Last week, as we passed the cemetary, he was uncharacteristically quiet. I peeked into the backseat: his head was bowed and his lips were silently moving.
"What are you doing, Finn?"
"What are you praying for?"
"For da people in Heaven."
My heart swells. "That's nice, honey."
"Yeah. I was telling dem dat I won't see dem in Heaven because I'm nevah going to be a gwown up."
I don't know where this is coming from, because we haven't lost any family members recently, although our kitty, Coalie, died in November. I asked him if he was praying about Coalie.
"No, silly. Coalie had da nine lives. So he is wif another family now."

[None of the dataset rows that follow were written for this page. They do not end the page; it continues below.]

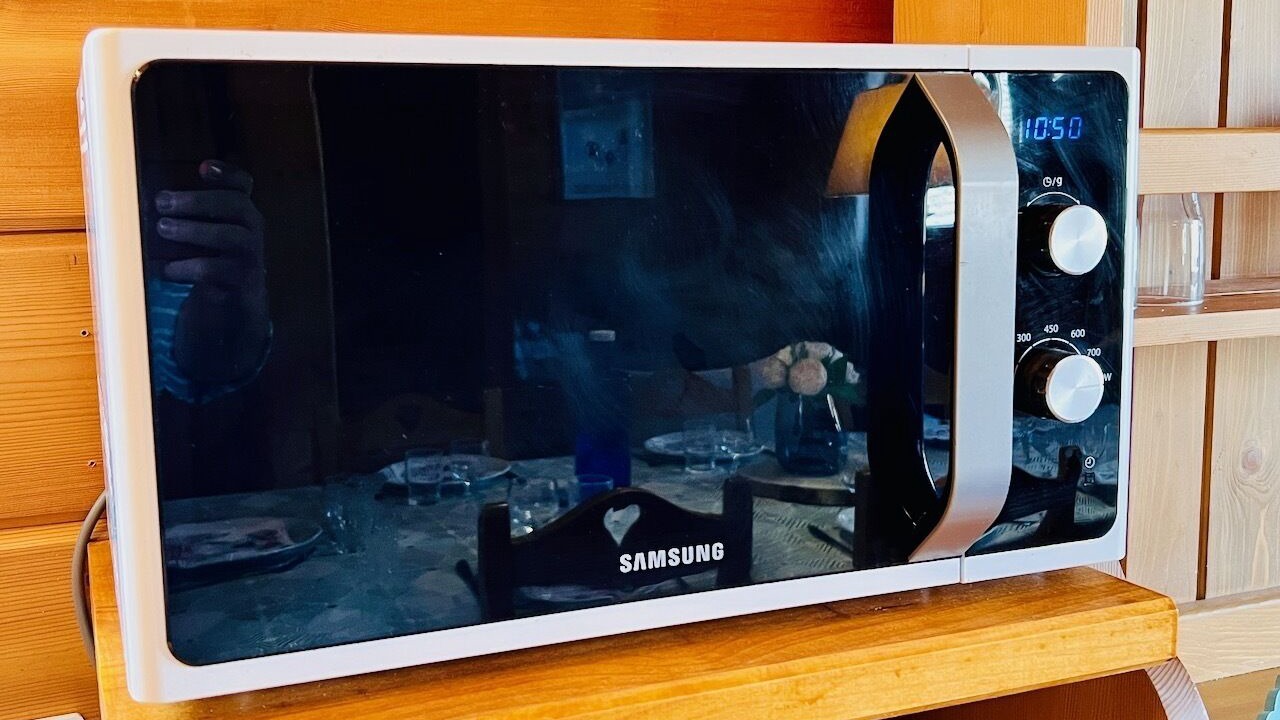 Photo of Kitchen in La Joue du Loup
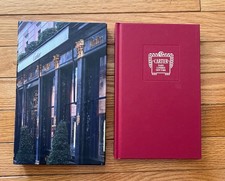 CARTIER - 2015 Hardcover Book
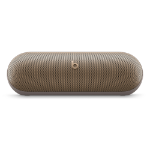 Apple Beats Pill - Wireless Bluetooth Speaker - Champagne Gold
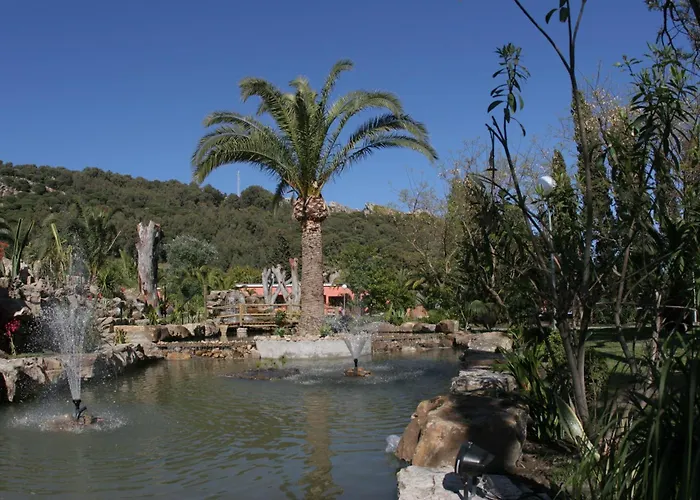 Hotel Punta Sur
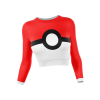 Pokeball Standard (Pokemón)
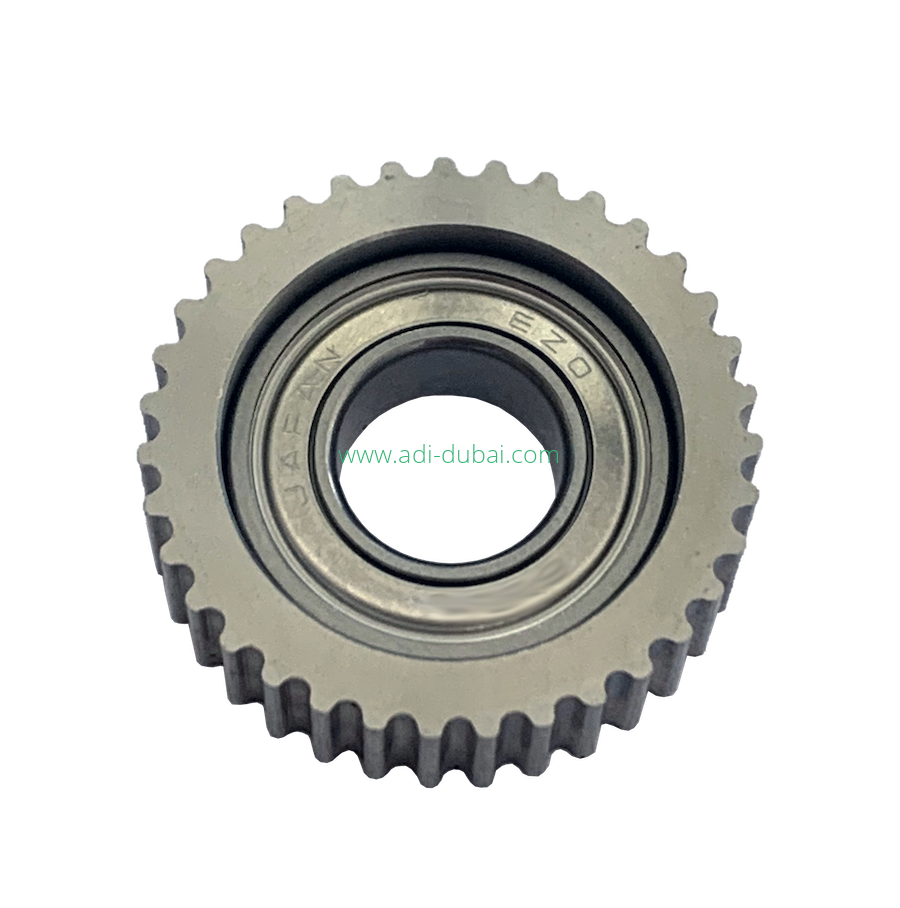 Spare part 98561003 ASSY, IDLER PULLEY from online store ADI-Dubai.com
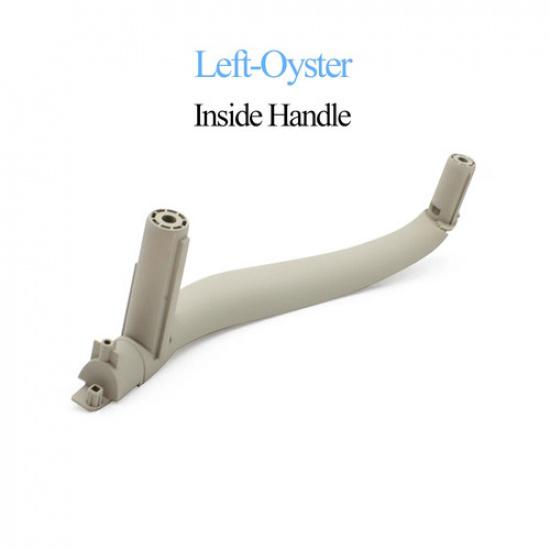 Interior Door Handle Panel Pull Trim Cover For BMW X5 F15 2014-2018 Replacement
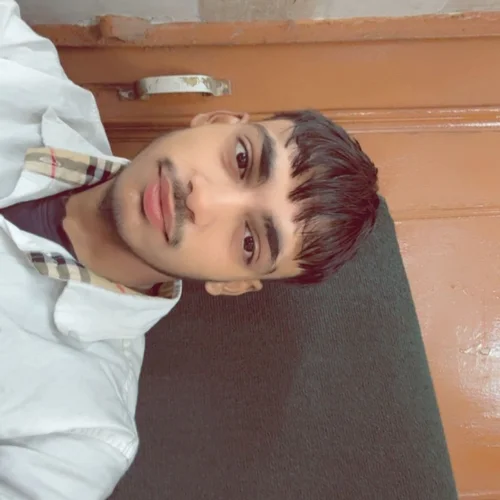 Krishna Kumar profile photo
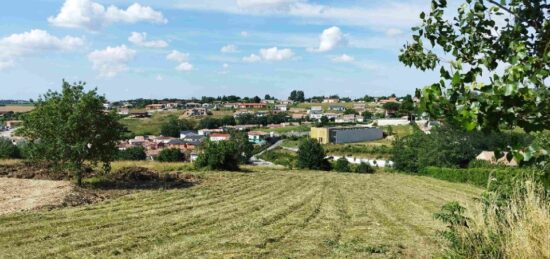 Terrain à bâtir à Nailloux, Occitanie
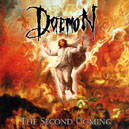 DAEMON - The second coming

"When da sand runs out, somebody dies," he said.
I gulped. Here I am again: one of those parenting moments where I'm completely clueless. Is this a big deal? How do I respond?
"It's just a timer for a game, sweetie," I finally reply. "Nobody dies when the sand runs out."
He looks up at me. "Yes dey do!" He's grinning. He doesn't look sad, or traumatized, so I decide to let it go. A few minutes later I'm in the next room, and I hear his little singsong voice. Curious to see what he's saying, I peek around the corner. Oblivious to my prying eyes, Finn is looking at the hour glass, and singing a little prayer:
"It's okay, it's gonna be okay. God and da angels are in Heaven, and da Holy Spirits, and da bootiful clouds and da people and God and da angels are wif you. And da Holy Spirits. And God loves you, and God loves me, and God loves......" he pauses, ".... and God loves..... God loves....... DONUTS!"
I want to swoop in, hug him, tell him everything will be okay. But, of course, I can't promise that. And besides, he doesn't need comforting. He's okay. In his own little 4 year old way, he's working through his thoughts and fears. Or maybe he isn't afraid at all, maybe I'm just projecting my own fears into his innocent world.